Op-Ed
Columnist
Droughts, Floods and Food
By
PAUL KRUGMAN
Published:
February 6, 2011
We’re in the midst of a global food
crisis — the second in three years. World food prices hit a record in January,
driven by huge increases in the prices of wheat, corn, sugar and oils. These
soaring prices have had only a modest effect on U.S. inflation, which is still
low by historical standards, but they’re having a brutal impact on the world’s
poor, who spend much if not most of their income on basic foodstuffs.
Fred
R. Conrad/The New York Times
Paul Krugman
The consequences of this food crisis
go far beyond economics. After all, the big question about uprisings against
corrupt and oppressive regimes in the Middle East isn’t so much why they’re
happening as why they’re happening now. And there’s little question that
sky-high food prices have been an important trigger for
popular rage.
So what’s behind the price spike?
American right-wingers (and the Chinese) blame easy-money policies at the
Federal Reserve, with at least one commentator
declaring that there is “blood on Bernanke’s hands.” Meanwhile, President
Nicolas Sarkozy of France blames speculators, accusing them of “extortion and
pillaging.”
But the evidence tells a different,
much more ominous story. While several factors have contributed to soaring food
prices, what really stands out is the extent to which severe weather events
have disrupted agricultural production. And these severe weather events are
exactly the kind of thing we’d expect to see as rising concentrations of
greenhouse gases change our climate — which means that the current food price
surge may be just the beginning.
Now, to some extent soaring food
prices are part of a general commodity boom: the prices of many raw materials,
running the gamut from aluminum to zinc, have been rising rapidly since early
2009, mainly thanks to rapid industrial growth in emerging markets.

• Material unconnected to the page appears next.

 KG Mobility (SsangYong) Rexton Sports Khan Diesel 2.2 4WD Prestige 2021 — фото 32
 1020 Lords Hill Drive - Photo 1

But the link between industrial
growth and demand is a lot clearer for, say, copper than it is for food. Except
in very poor countries, rising incomes don’t have much effect on how much
people eat.
It’s true that growth in emerging
nations like China leads to rising meat consumption, and hence rising demand
for animal feed. It’s also true that agricultural raw materials, especially
cotton, compete for land and other resources with food crops — as does the
subsidized production of ethanol, which consumes a lot of corn. So both
economic growth and bad energy policy have played some role in the food price
surge.
Still, food prices lagged behind the
prices of other commodities until last summer. Then the weather struck.

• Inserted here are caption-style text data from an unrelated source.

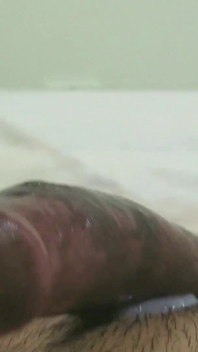 J’ai couché avec un inconnu dans un hôtel, je lui ai donné une branlette espagnole en retour, il m’a donné un creampie non protégé dans ma chatte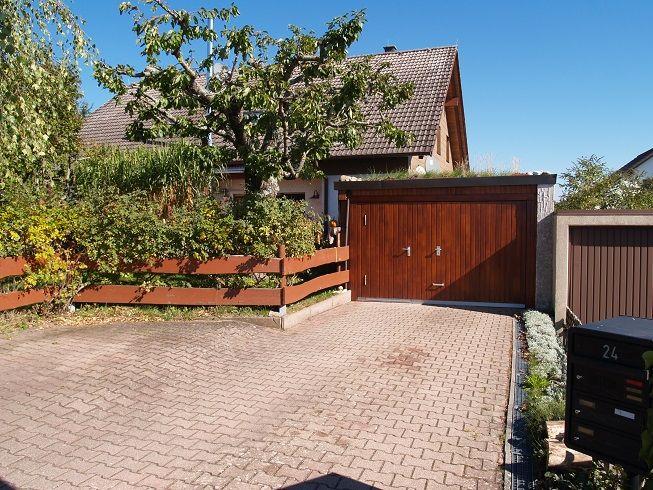 Garage mit Hof für zwei + ein Fahrzeug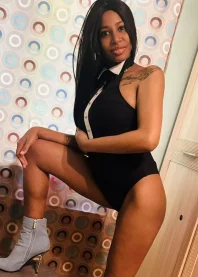 �����
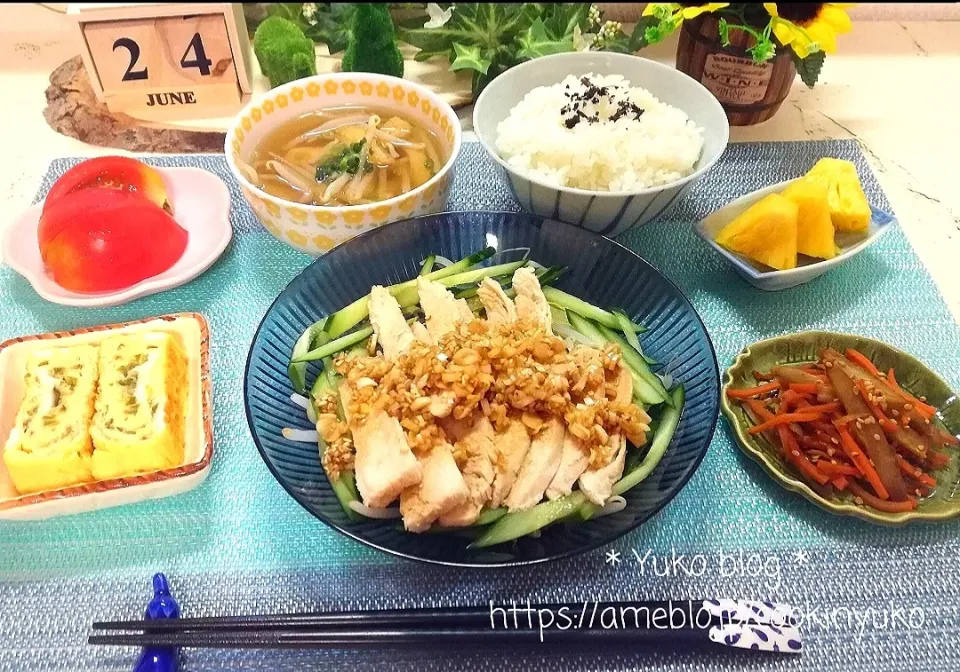 昨日の夕食。蒸し鶏の万能ネギソース。レシピはネギソースをご紹介します。(*^^*)|cookinyukoさん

Consider the case of wheat, whose
price has almost doubled since the summer. The immediate cause of the wheat
price spike is obvious: world production is down sharply. The bulk of that
production decline, according to U.S. Department of Agriculture data, reflects
a sharp plunge in the former Soviet Union. And we know what that’s about: a
record heat wave and drought, which pushed Moscow temperatures above 100 degrees
for the first time ever.
The Russian heat wave was only one
of many recent extreme weather events, from dry weather in Brazil to
biblical-proportion flooding in Australia, that have damaged world food
production.
The question then becomes, what’s
behind all this extreme weather?
To some extent we’re seeing the
results of a natural phenomenon, La Niña — a periodic event in which water in
the equatorial Pacific becomes cooler than normal. And La Niña events have
historically been associated with global food crises, including the crisis of
2007-8.
But that’s not the whole story.
Don’t let the snow fool you: globally, 2010 was tied with 2005 for warmest year
on record, even though we were at a solar minimum and La Niña was a cooling
factor in the second half of the year. Temperature records were set not just in
Russia but in no fewer than 19 countries, covering a fifth of the world’s land
area. And both droughts and floods are natural consequences of a warming world:
droughts because it’s hotter, floods because warm oceans release more water
vapor.
As always, you can’t attribute any
one weather event to greenhouse gases. But the pattern we’re seeing, with
extreme highs and extreme weather in general becoming much more common, is just
what you’d expect from climate change.
The usual suspects will, of course,
go wild over suggestions that global warming has something to do with the food
crisis; those who insist that Ben Bernanke has blood on his hands tend to be
more or less the same people who insist that the scientific consensus on
climate reflects a vast leftist conspiracy.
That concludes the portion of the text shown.